The marketing industry is no stranger to making predictions. Whether it’s stating that we’ll all be existing in the metaverse in ten years’ time or all ads will be created by AI, it seems that marketers, agencies and brands make daily announcements about the future of the industry. But one that all seem to be agreed upon is a steady decline in traditional advertising.
But the most recent CMO Survey – a monthly assessment of the US marketing industry – has found that marketers are predicting an increase in traditional advertising spending. This is in stark contrast to previous months when marketers reported an annual decrease in traditional advertising spending. Going into detail, retailers are increasing their traditional advertising spending by 10.2%, brands by 4.9%, and – interestingly – digital-based retailers by 11.7%.
So what’s causing this shift? One factor is traditional advertising is more trusted – a recent MarketingSherpa study found that the top five most trusted advertising formats are all traditional, with customers trusting print advertising (82%) the most, followed by television (80%) then direct mail (76%). Another is the fact that the more time people spend with digital media, the less engaged they are by its marketing.
But one of the main reasons marketers are falling back in love with traditional advertising is the demise of the third-party cookie.
The Opportunity For Print
On August 22, 2019, Google made an announcement that made media owners sit up and marketers shudder. Among the reams of friendly corporate speak came the announcement that the global digital giant was to offer people more control over their personal data and increase the amount of privacy on the web. On the face of it, their proposal was simple: to change how cookies work within the Chrome browser and make it easier for users to block cookie tracking. In practice, it means that brands and marketers have to seriously rethink their strategies when it comes to targeting customers and boosting sales.
The eradication of third-party cookies means many things to many different brands. Some with hefty enough marketing budgets could thrive, developing their own ‘first-party’ data targeting systems, while others will doubtless struggle – the removal of a largely automated advertising channel resulting in a huge loss of customers and revenue.
However, one industry that could feel the benefits of a cookie-less society is print marketing. The tried-and-tested channel of direct mail is essentially the physical form of online marketing, with companies utilising complex data streams to target consumers with the ideal profile for purchase. It may not be as instant as programmatic advertising, but the effect of receiving a sales message through the post has proven advantages and measurable ROI. Indeed, over the past few years, repeated lockdowns and people having to work from home has meant that direct mail has been going through a resurgence.
According to data from JICMAIL, direct mail volumes have increased 51% year on year, and door drops by 181%. All this activity has led to the effectiveness of mail at driving consumers to physical retail stores increasing by 71%.

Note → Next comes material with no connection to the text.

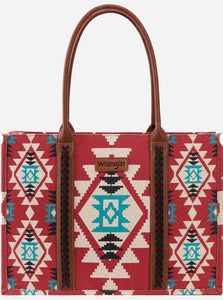 Wrangler Allover Aztec Dual Sided Print Canvas Wide Tote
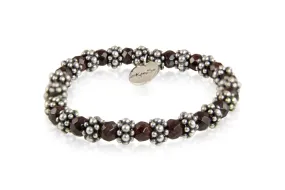 Bracelet - Beaded Garnet & Silver Signature Collection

“The pronounced uplift in volumes is striking, with the multiple effects of mail continuing to impact both media and consumer behaviours,” said Mark Cross, JICMAIL Engagement Director. “The new normal of heightened digital effects from mail are evident again, and the effects of driving much-needed store traffic and consumer value through vouchers a particular stand-out. The commercial activity generated by mail demonstrates the channel’s clear relevance to the recovery effort in the economy.”
Through Privacy Comes Trust
Quite what will happen to online advertising over the next few years and the knock-on effects for the marketing industry is frankly, anyone’s guess. But an increase in privacy and security is only going to be a good thing – not only for the individual consumer but the wider commercial market.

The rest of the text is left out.